The Stambough General Hospital in Iron County, Mich., is so ancient and rickety that state authorities have ordered it closed by Nov. 26. The sick do not know where they will go after that.

These situations illustrate the social cost of a financial disaster: the near-collapse of the municipal bond market. Other results include a scaling down of planned airport improvements in Los Angeles, an increase in three-shift classroom sessions in the schools of Dade

County, Fla., and fears of flooding in Clinton Township, Mich., because not enough storm sewers are being built. State and local governments spend roughly $26 billion a year to build schools, hospitals, roads, sewers, airports and the like, and last year they raised almost $11 billion of the sum by selling bonds. So far this year their bond sales are running 26% below that pace.

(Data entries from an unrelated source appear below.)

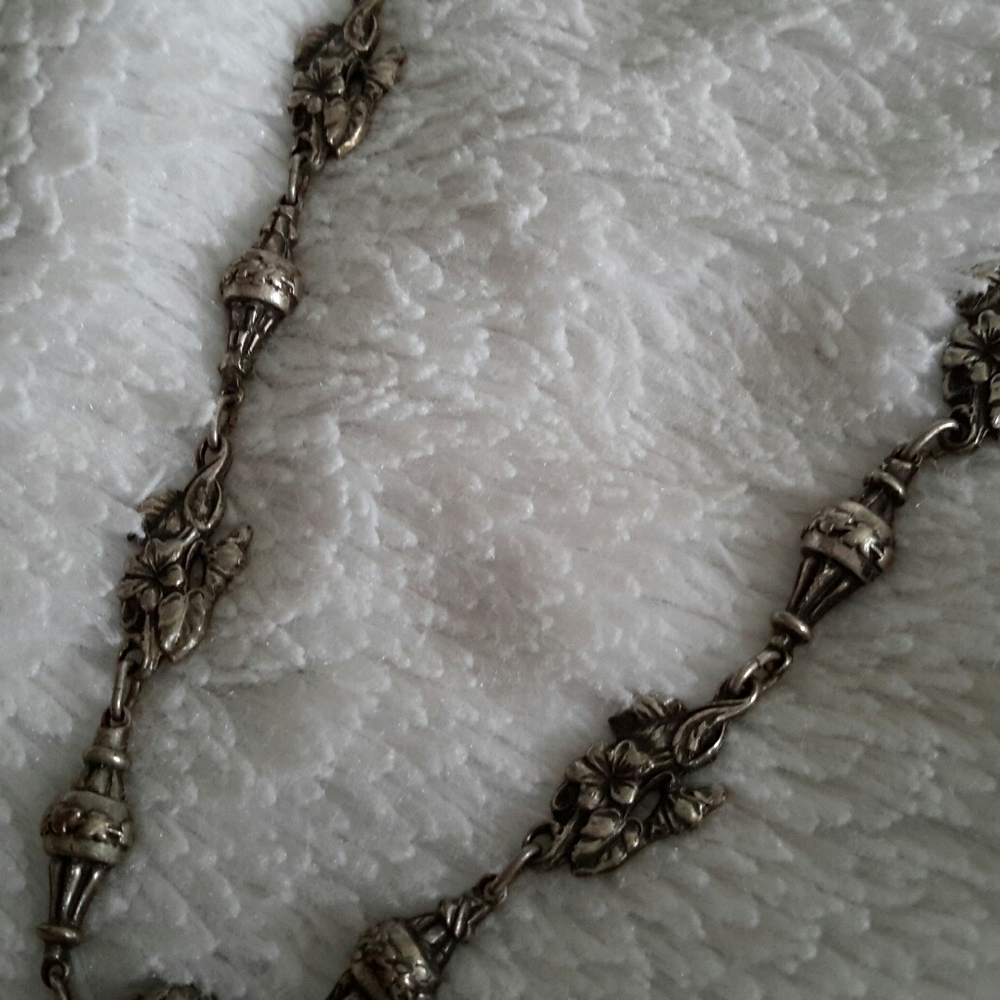 Vintage Chrysoprase Necklace - Picture 3 of 6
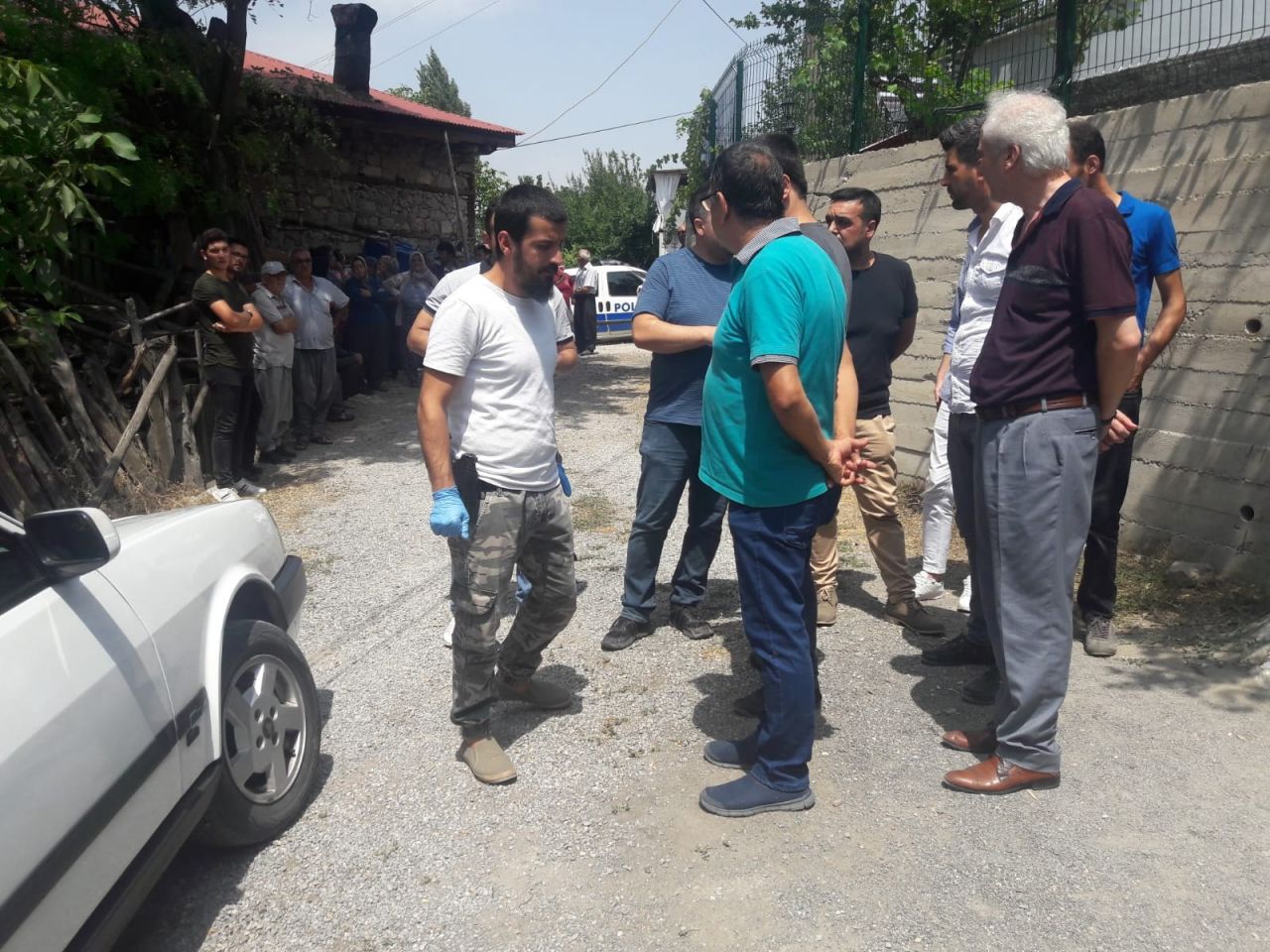 Bir gün arayla intihar ettiler! 11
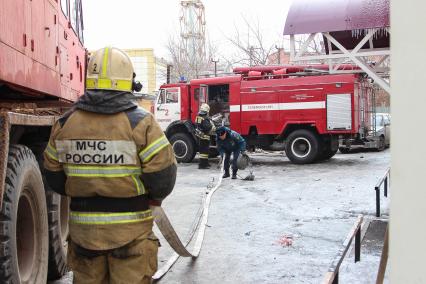 Кемерово. Пожарные у торгового центра `Зимняя вишня`, где произошел пожар и погибли люди.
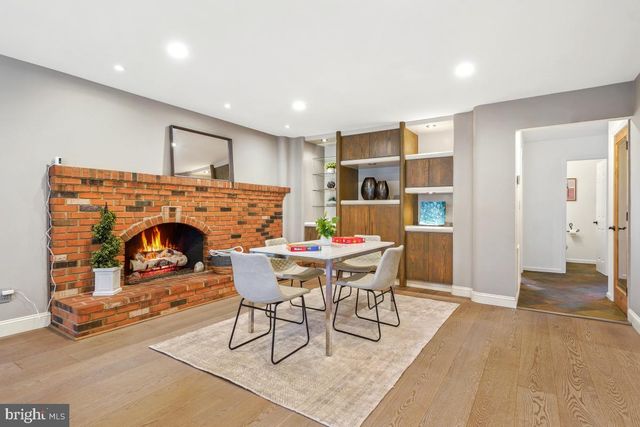 9804 KORMAN CT, Potomac, MD 20854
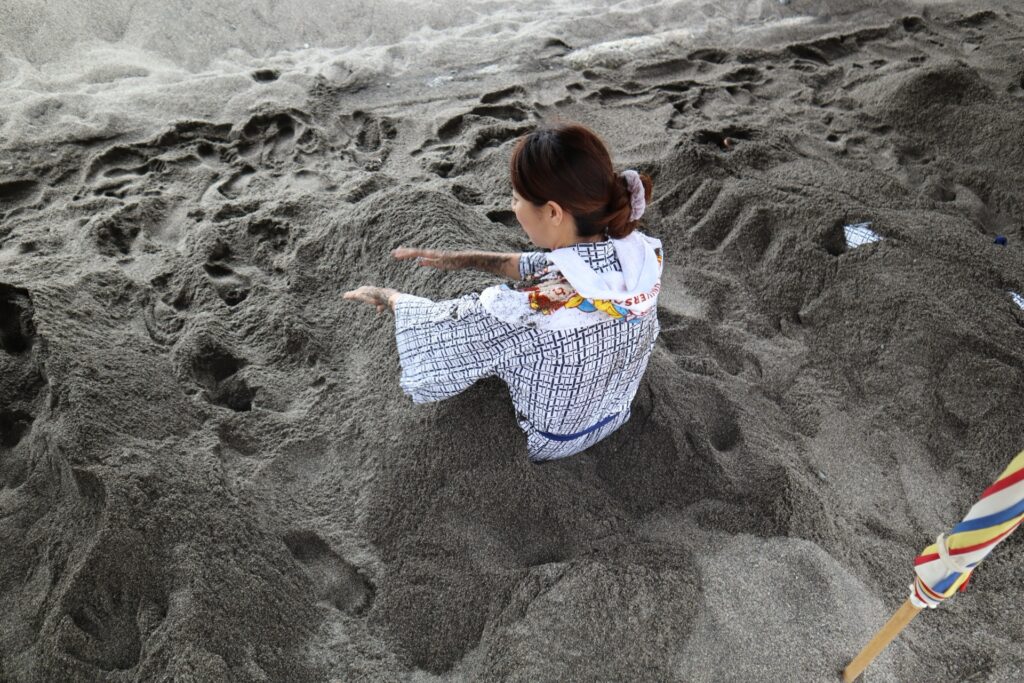 鹿児島 指宿 砂むし風呂を楽しむ女性のイメージ画像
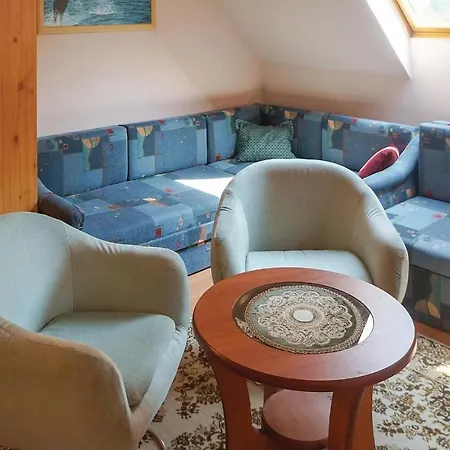 Awesome In W/ 2 Bedrooms 公寓 *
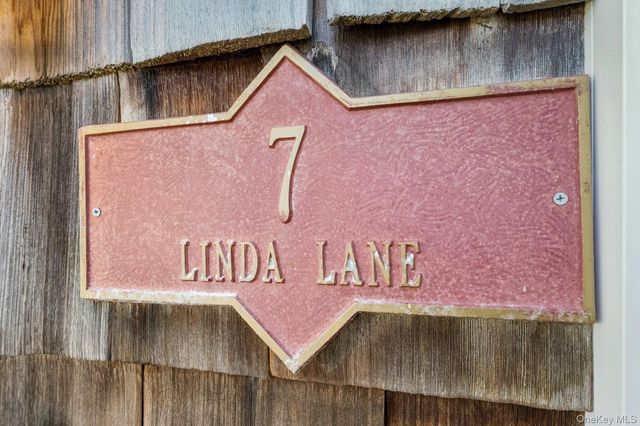 7 Linda Lane, Hampton Bays, NY 11946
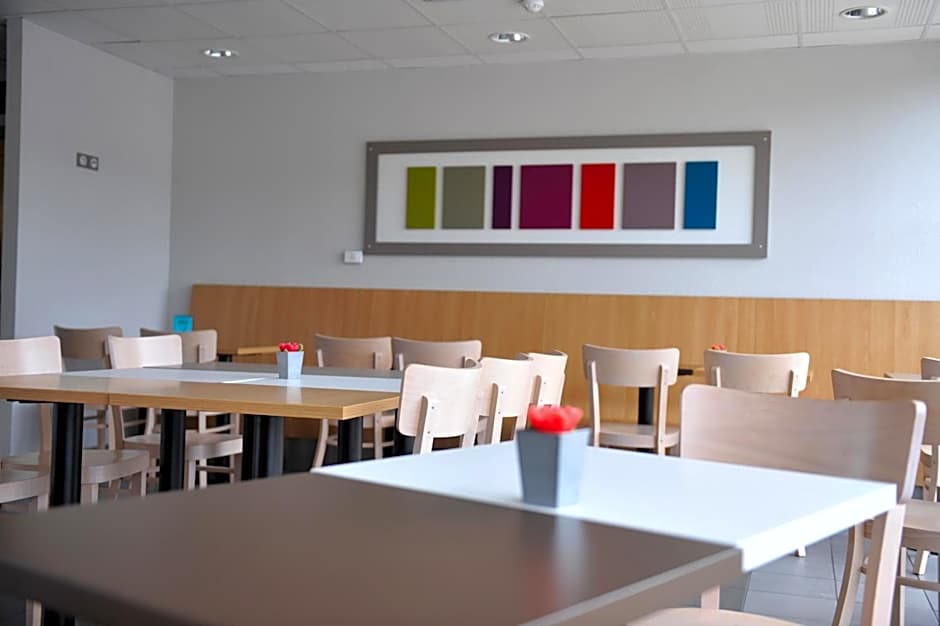 B&B HOTEL Saclay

Almost $3 billion in bonds that would have financed public construction—including a new school for Hondo and a modern hospital for Iron County—have proved totally unmarketable. Probably a much greater total of bonds has not been scheduled for sale because local officials fear that they would find no buyers. Michigan voters, for example, last year approved two issues totaling $435 million to finance antipollution and park-building programs, but state authorities have never tried to set a date for investment-banking houses to bid on them. They have reason for their timidity. About half of the investment-banking houses that were buying state and city bonds a year ago, for resale to banks and rich individual investors, have stopped doing so.

The immediate cause of this chaos is the congressional drive to close tax loopholes. Interest paid on municipal bonds has always been exempt from federal income tax, but the reform bill that the House passed in August would make such interest partially taxable for many individual investors. Banks, which normally buy 70% to 80% of all municipal bonds, would continue to collect tax-free interest, but their officers fear that if the bill is finally enacted it will be only a matter of time before that exemption is limited, too. The slowdown in municipal-bond sales has produced something close to a revolt among governors, mayors and county officials. Several of them appeared before the Senate Finance Committee last week to denounce all proposals to tax municipal-bond interest.